24/07 - 13:10 , atualizada às 13:53 24/07 - Redação com Agência Brasil
BRASÍLIA - O deputado Raul Jungmann (PPS-PE) pediu nesta quinta-feira à Polícia Federal que investigue a ação das milícias e de traficantes de pressionar moradores de comunidades cariocas a votar, nas eleições municipais de outubro, em candidatos apoiados por eles.
O deputado recebeu denúncias de que esses grupos estariam ameaçando de morte pessoas do Complexo do Alemão e do Morro da Rocinha, que se recusassem a votar nos candidatos determinados por eles. Segundo o deputado, isso é crime eleitoral e este tipo de matéria é de atribuição federal.

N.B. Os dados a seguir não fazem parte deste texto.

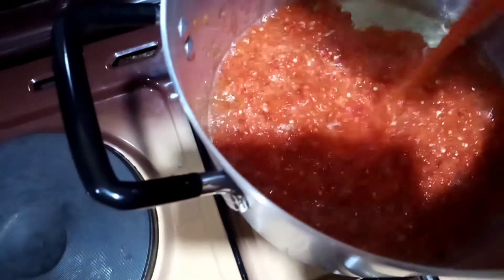In a pot, I'm going to preheat a reasonable amount of vegetable oil, and I'm going to pour in my pepper and onion blend, stir it, then let it fry for a minute or two.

"Crime eleitoral é Justiça Federal e é também Polícia Federal. A Justiça Eleitoral tem poder para colocar a Polícia Federal e até o próprio Exército [no caso], pois onde tem votação tem a ocorrência da intervenção da Justiça Eleitoral, cuidando da lisura de todas as votações", afirmou.
Ele também sugeriu que a Polícia Federal e as polícias do Rio de Janeiro, que já investigam a atuação das milícias e do tráfico de drogas, trabalhem juntas.
"Cada um na sua esfera, na sua atribuição, deveriam atuar juntas", disse.
Voto secreto
O Tribunal Regional Eleitoral do Rio de Janeiro (TRE-RJ) informou, através de sua assessoria de imprensa, que já recebeu mais de 20 denúncias desse tipo, e encaminhou todas para a Polícia Federal.
Ainda segundo a assessoria, o TRE não pode intervir em assuntos policiais e esse é um assunto de segurança pública, porém, para tentar acabar com essa prática, está lançando uma campanha chamada "o voto é só seu",para conscientizar os eleitores de que o voto é pessoal e intransferível e não deve ser influenciado por ninguém.
Candidata barrada
No dia seis de julho, a candidata a vereadora pelo PT, Ingrid Gerolimich, foi impedida de realizar campanha política na favela da Rocinha, na zona Sul do Rio. Segundo a candidata, ela foi barrada porque os traficantes do local já escolheram os candidatos que querem no poder.
"No dia 6 de julho iríamos lá, mas recebemos recado dos moradores de que não poderíamos entrar, pois o tráfico não queria", disse.
Ingrid relatou também que sua equipe foi informada de que eles não podem fazer campanha política na favela do Rio das Pedras, em Jacarepaguá. A candidata disse que protocolou um ofício na Secretaria de Segurança Pública do Estado do Rio de Janeiro e no Tribunal Regional Eleitoral (TRE) denunciando o caso e solicitando escolta.
"Quero que o ofício se estenda também aos outros candidatos, pois isso fere nosso direito de ir e vir", afirma. "Se não formos do tráfico ou das mílicias não teremos chance?!", questiona.
Procurada, a Secretaria de Segurança Pública enviou nota oficial em que diz que o procedimento correto de qualquer candidato que se sinta ameaçado é registrar queixa na delegacia.
"Posteriormente, ele deve recorrer ao TRE que garantirá, mediante necessidade de reforço policial ou não, o direito de fazer campanha em qualquer área pública. Até o momento, a Secretaria de Segurança sabe de declarações relativas a estes fatos, porém não foi informada de nenhum registro formal de fato semelhante em delegacia", diz a nota.